[[ Given data, beginning ]]

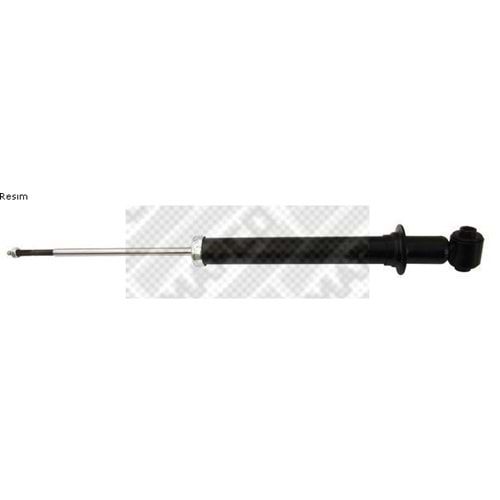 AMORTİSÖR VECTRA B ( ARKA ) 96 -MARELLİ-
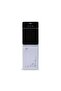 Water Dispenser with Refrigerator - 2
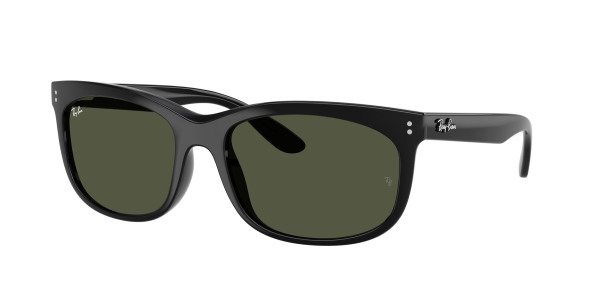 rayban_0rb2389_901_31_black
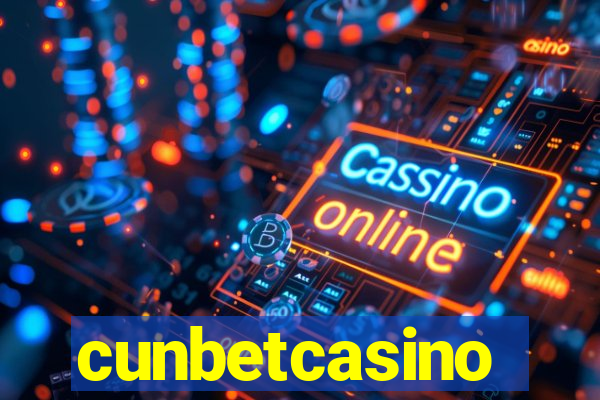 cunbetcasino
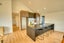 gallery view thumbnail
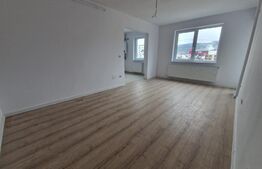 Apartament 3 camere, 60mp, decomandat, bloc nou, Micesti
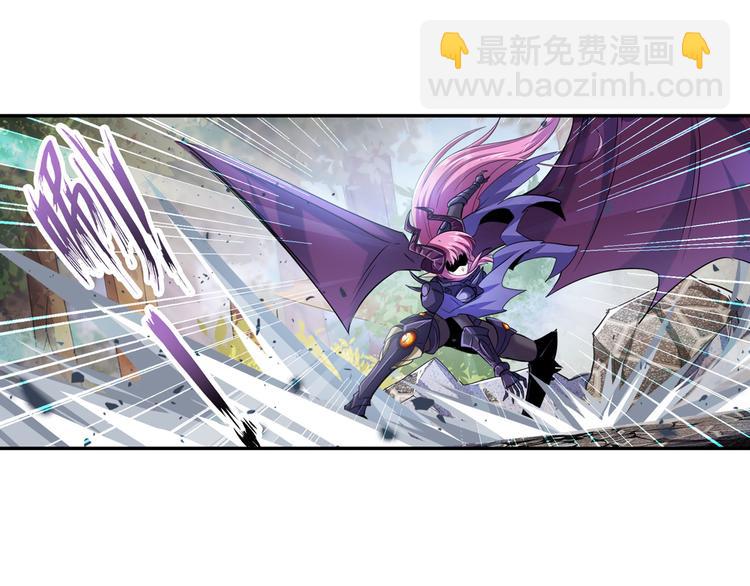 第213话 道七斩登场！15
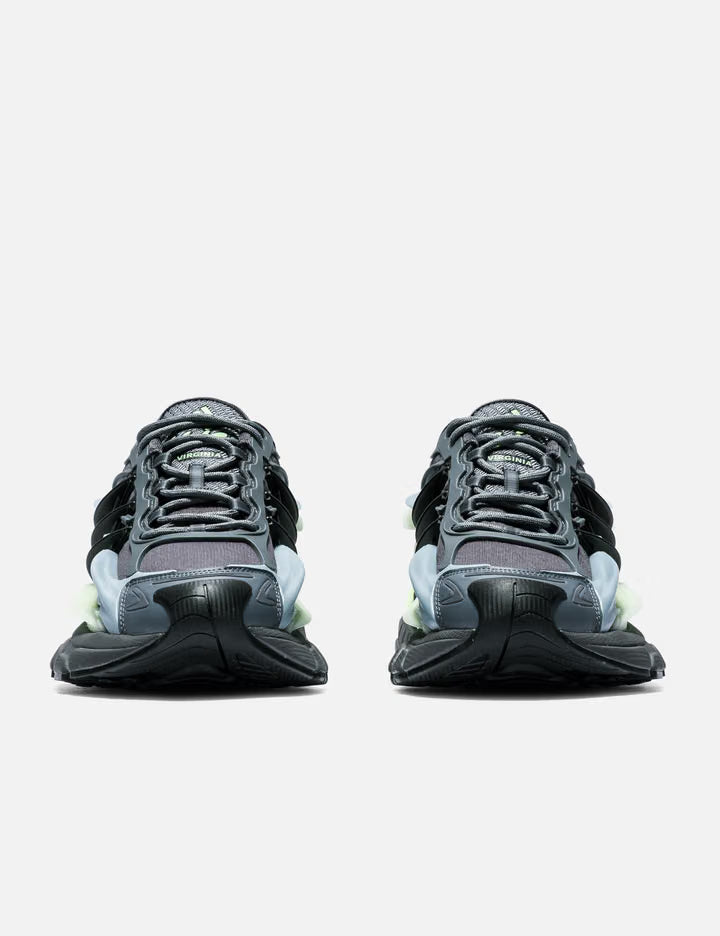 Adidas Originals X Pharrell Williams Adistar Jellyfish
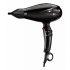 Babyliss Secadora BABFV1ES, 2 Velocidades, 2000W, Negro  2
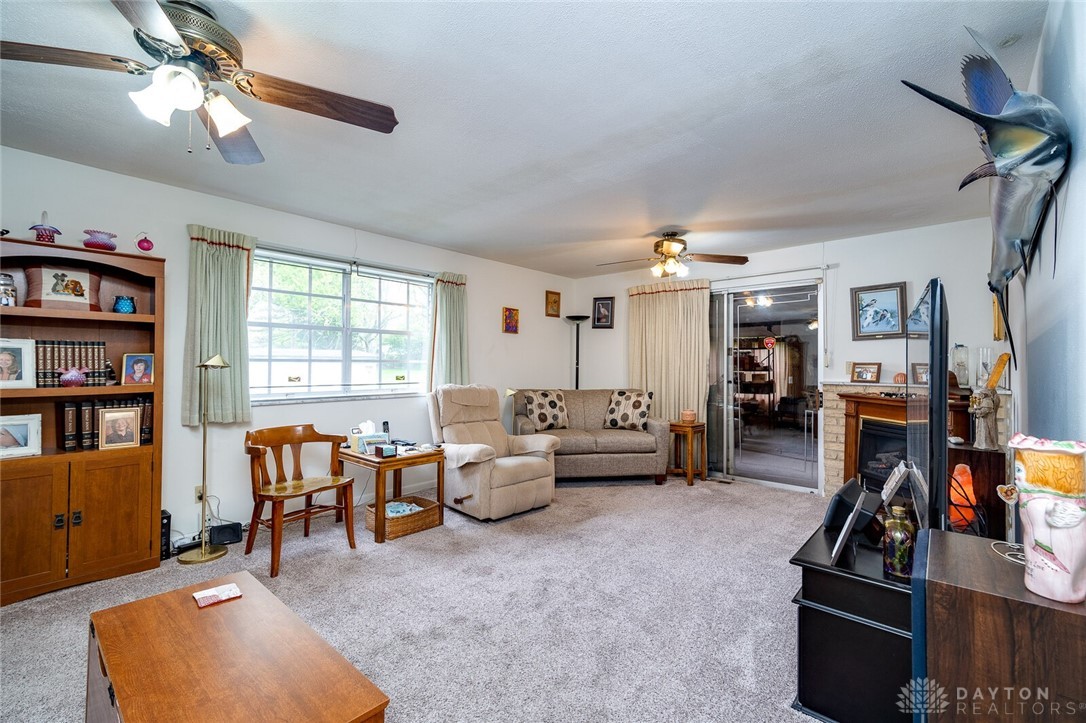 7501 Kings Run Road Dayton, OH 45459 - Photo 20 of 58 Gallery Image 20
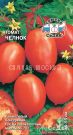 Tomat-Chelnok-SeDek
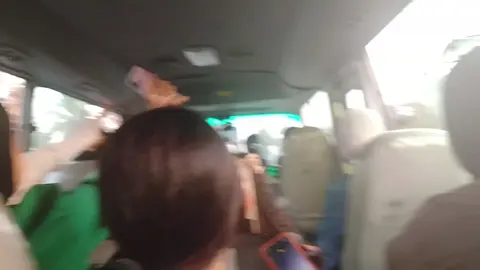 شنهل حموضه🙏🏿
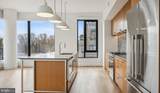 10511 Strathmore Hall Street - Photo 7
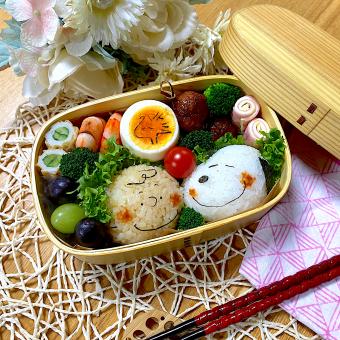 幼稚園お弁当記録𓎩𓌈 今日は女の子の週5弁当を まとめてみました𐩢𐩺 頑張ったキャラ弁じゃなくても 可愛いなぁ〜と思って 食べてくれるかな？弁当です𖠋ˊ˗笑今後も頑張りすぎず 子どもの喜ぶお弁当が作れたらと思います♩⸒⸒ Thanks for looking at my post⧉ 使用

[[ Given data, end ]]
[[ Given data, beginning ]]

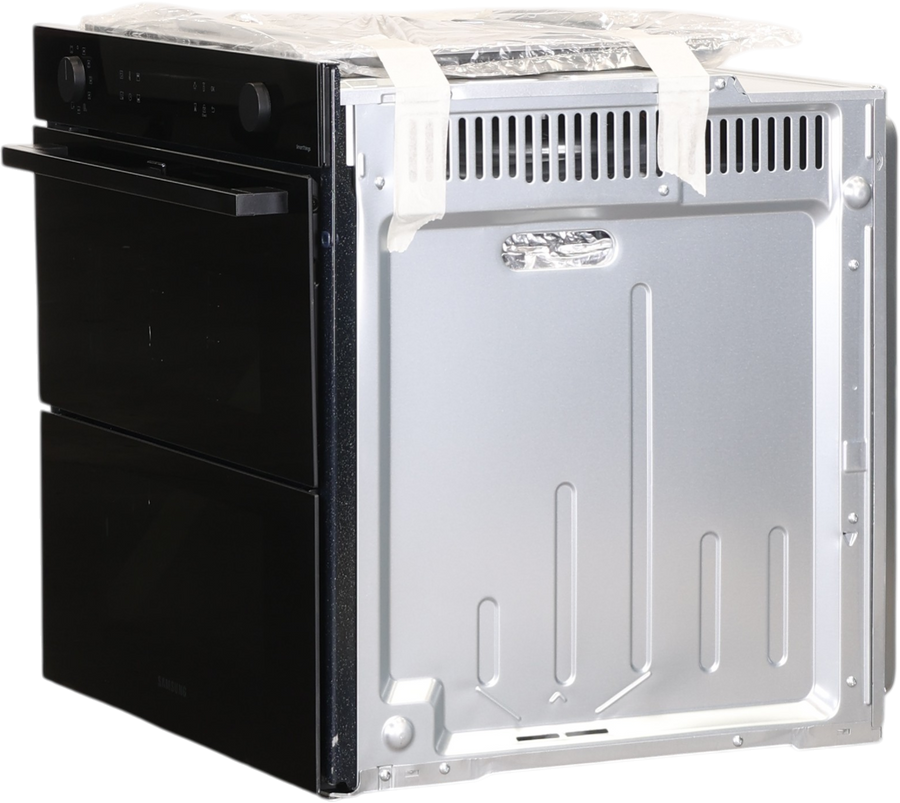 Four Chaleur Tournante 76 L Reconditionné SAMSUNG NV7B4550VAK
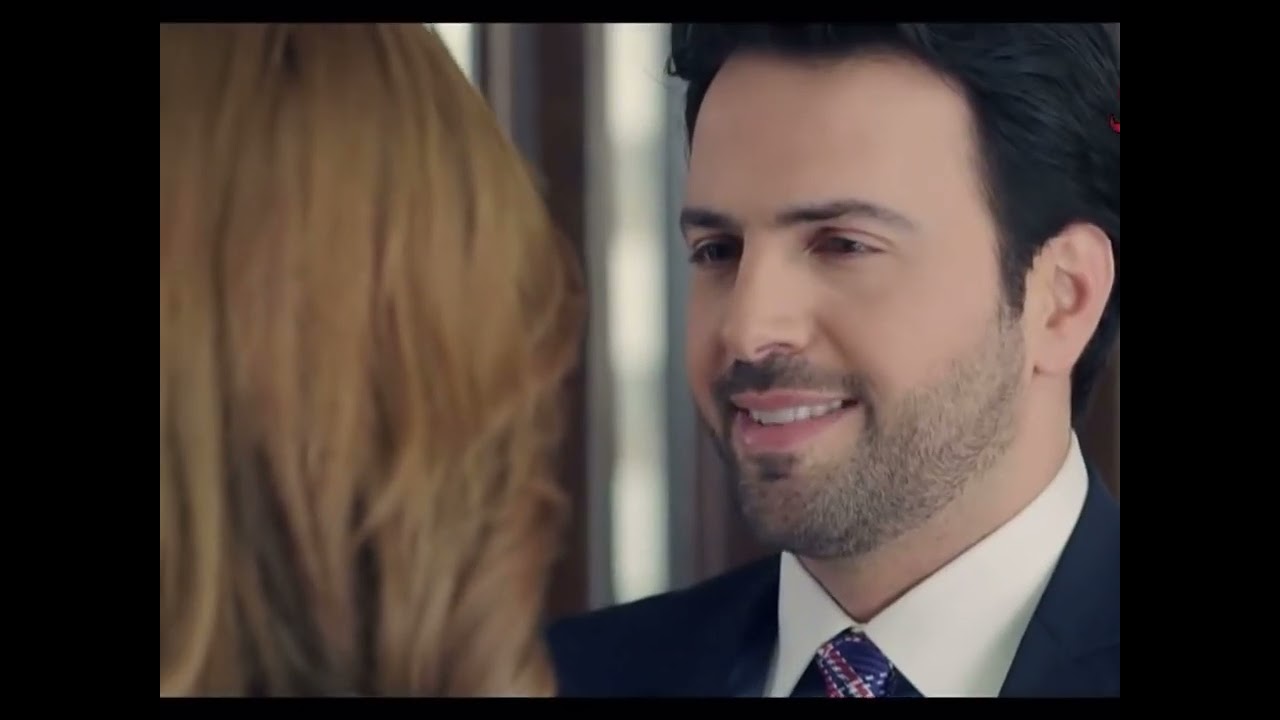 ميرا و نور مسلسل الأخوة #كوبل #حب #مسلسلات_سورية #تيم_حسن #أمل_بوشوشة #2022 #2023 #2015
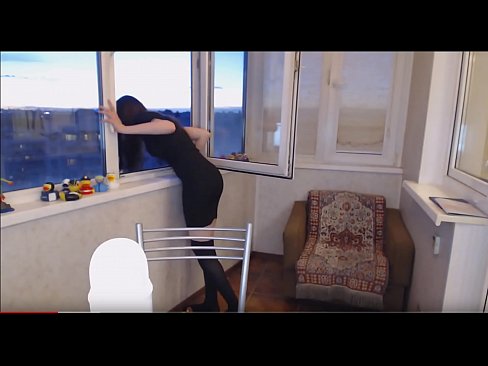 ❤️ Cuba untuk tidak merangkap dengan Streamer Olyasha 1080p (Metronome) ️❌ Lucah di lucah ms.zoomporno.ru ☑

[[ Given data, end ]]
[[ Given data, beginning ]]

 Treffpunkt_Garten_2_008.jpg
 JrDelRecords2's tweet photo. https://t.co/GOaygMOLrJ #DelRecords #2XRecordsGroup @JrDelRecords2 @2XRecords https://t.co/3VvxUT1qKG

[[ Given data, end ]]

** Problem requirements **
For the data above, set down exactly the lines from the line with "cunbetcasino" to the line with "幼稚園お弁当記録𓎩𓌈 今日は女の子の週5弁当を まとめてみました𐩢𐩺", both included, leaving pictures out.

** Solution to this exercise **
 cunbetcasino
 gallery view thumbnail
 Apartament 3 camere, 60mp, decomandat, bloc nou, Micesti
 第213话 道七斩登场！15
 Adidas Originals X Pharrell Williams Adistar Jellyfish
 Babyliss Secadora BABFV1ES, 2 Velocidades, 2000W, Negro  2
 7501 Kings Run Road Dayton, OH 45459 - Photo 20 of 58 Gallery Image 20
 Tomat-Chelnok-SeDek
 شنهل حموضه🙏🏿
 10511 Strathmore Hall Street - Photo 7
 幼稚園お弁当記録𓎩𓌈 今日は女の子の週5弁当を まとめてみました𐩢𐩺 頑張ったキャラ弁じゃなくても 可愛いなぁ〜と思って 食べてくれるかな？弁当です𖠋ˊ˗笑今後も頑張りすぎず 子どもの喜ぶお弁当が作れたらと思います♩⸒⸒ Thanks for looking at my post⧉ 使用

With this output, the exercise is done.